E l’elenco potrebbe essere lunghissimo, tanto più in questa fase particolare della nostra esistenza. I giorni scorrono uguali uno dopo l’altro, le domeniche assomigliano ai mercoledì, molti vivono in pigiama, i ritmi si sono allentati. Questo nichilismo, poi, è ancora più riscontrabile negli adolescenti che, nella loro ricerca dell’identità, possono incappare nell’attrazione che il nulla e il niente possono avere. Anche Pierre Anthon, tredicenne protagonista di questo libro, come una sorta di barone rampante, si apposta sul susino vicino a scuola filosofando in un modo che sarebbe caro a Nietzche: “Se niente ha senso, è meglio non fare niente piuttosto che qualcosa!”, grida un giorno. Questa è solo una delle sue frasi cavallo di battaglia e i compagni di classe, e da qui l’importanza del gruppo dei pari in adolescenza, tentano in tutti i modi, leciti e non, di dimostrargli che sta sbagliando. Iniziano pertanto una raccolta di oggetti che siano per ciascuno di loro densi di significato, al fine di dimostrare all’amico che ci sono cose importanti e che racchiudono in sé il senso dell’esistere. Questa raccolta procede in una degenerazione e in un’escalation cruda e terrificante. La legge del gruppo li fa proseguire anche mettendo a rischio la moralità, i valori, l’etica.

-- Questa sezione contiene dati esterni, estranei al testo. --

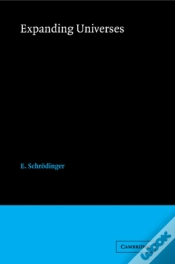 Capa do artigo Expanding Universe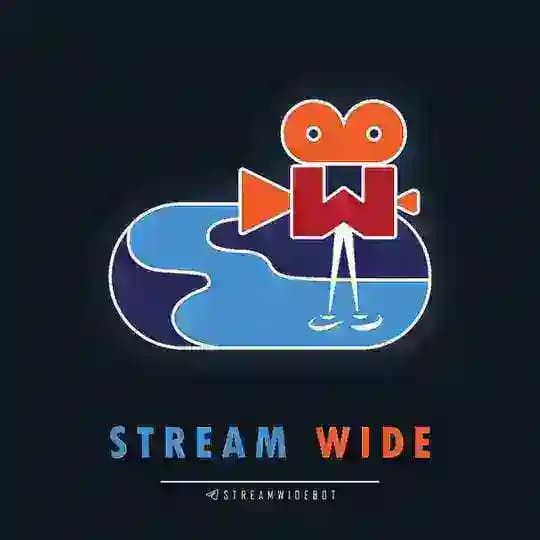 🎬 StreamWide | دانلود فیلم و سریال 🌊 Profile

Quanto poi a un certo punto si passa dalla ricerca del significato a una sorta di vendetta per aver dovuto rinunciare a qualcosa cui si teneva davvero tanto?
Il lettore adulto può essere spiazzato da tanta crudeltà, anche se raccontata in un modo lineare come se fosse ordinaria (e forse proprio questo contrasto spiazza), che però fa da contraltare ad altrettanta fragilità. I protagonisti sono adolescenti, ma il pubblico cui “Niente” è destinato è necessariamente un pubblico adulto (testo anche censurato e oggetto di polemiche in Europa ai tempi della sua pubblicazione). Tratta dell’esistenza, della vita, del senso della vita, ma anche delle sue più profonde aberrazioni che però possono essere considerate fisiologiche durante l’adolescenza.
Tutto ciò per dire che un piccolo Pierre Anthon può abitare dentro di noi e porci in continuazione domande provocatorie sul senso dell’esistenza. Talvolta sarà più facile dimostrargli l’essenza del significato, talvolta invece sarà più difficoltoso e sarà necessario passare attraverso le fatiche del quotidiano, saperci stare senza scoraggiarsi, per infine dimostrare che tutto ha a suo modo un senso.
Così come i piccoli protagonisti del romanzo, ognuno di noi porta con sé un ricordo delle ceneri e delle ferite del percorso accidentato di crescita con la possibilità di aprirsi alla speranza e alla vita, perché insita in noi c’è la possibilità di rialzarsi, o da soli o aggrappandoci alla mano di chi ce la sta offrendo.